L’État plate-forme, c’est l’idée d’avoir un socle réutilisable, ouvert et interfacé avec l’extérieur, installant la confiance auprès des usagers qui accèdent à des services modulaires et réutilisables au moyen d’une identité de confiance. On construit des services, tel France Connect, qui s’interfacent avec ce socle et permettent la réutilisation de données. Pour schématiser, l’État plate-forme se nourrit de briques qui sont réutilisables comme le sont des pièces de Lego. Objectif : ne pas refaire la même chose dans tous les ministères mais mutualiser les usages entre les administrations tout en simplifiant la relation avec les usagers sur le principe du “dites-le nous une fois”.

Comme c’est désormais de rigueur, votre cabinet n’est constitué que de 5 membres. Aurez-vous suffisamment de ressources ?

Nous ne sommes que 5 en effet, ce qui implique de notre part une très grande agilité ! La conséquence, positive à mes yeux, est aussi que nous devrons nous tourner en permanence et complètement vers nos administrations support. C’est ce que j’ai réclamé pendant longtemps lorsque j’étais moi-même dans ces administrations. Aussi j’aurai à cœur de passer aux actes maintenant que je suis en cabinet.

Et pour ce qui est de la Dinsic ? Ses effectifs ne sont-ils pas insuffisants ?

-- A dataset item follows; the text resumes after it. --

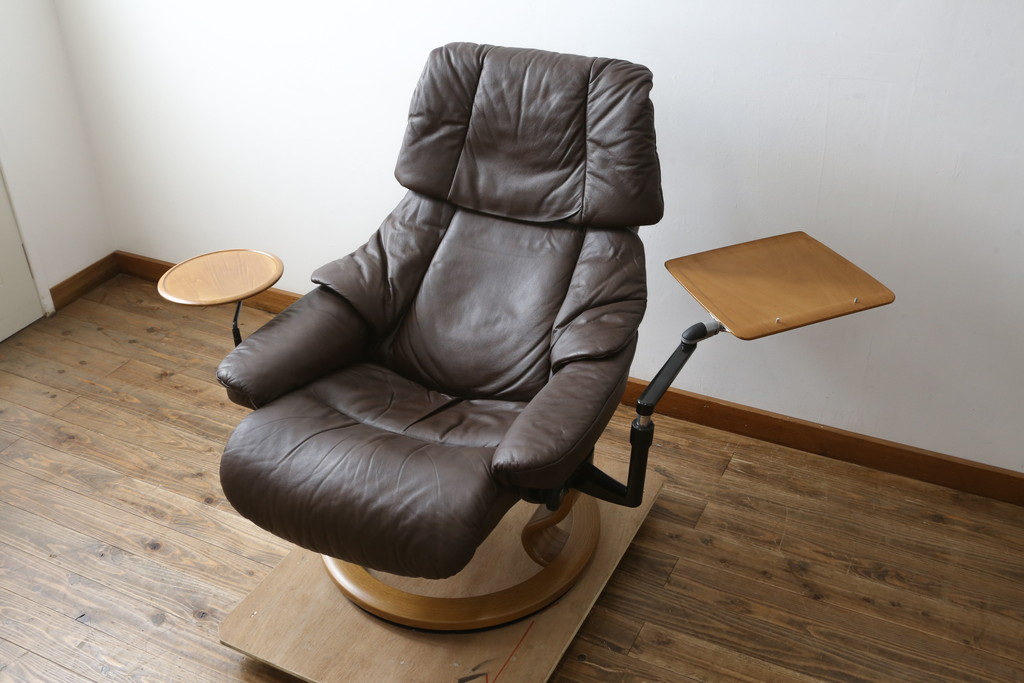 中古　美品　EKORNES(エコーネス)　本革(レザー)　オットマン付き　一番人気のロングセラー商品!!スイングテーブルとコンピューターテーブル付きストレスレス レノ クラシック(L)(レザー、アームチェア、リクライニングチェア、椅子、一人掛けソファ、1Pソファ)(定価約60万円)(R-081446)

Qui dit effectifs complémentaires dit redéploiements, en cette période d’économies budgétaires. La Dinsic, de même que les DSI [directions des systèmes d’information, ndlr] ministérielles ont besoin de recruter des personnels de très haut niveau qui pourront montrer combien ils génèrent de gains et d’effets de levier, améliorant le fonctionnement des administrations. Le nouveau corps interministériel des ingénieurs SIC, une trentaine d’agents recrutés par an, permet une mobilité entre ministères, ce qui était jusqu’ici très compliqué. C’est un gros avantage car nous pouvons garder les bons profils au sein de l’État plutôt que de les voir partir définitivement vers le privé. Trop souvent par le passé, les systèmes d’information ont été perçus comme des métiers du fond de la soute. C’est dommage, car de nombreux bons profils s’étaient détournés de l’administration. Il faut désormais les voir comme des métiers nobles.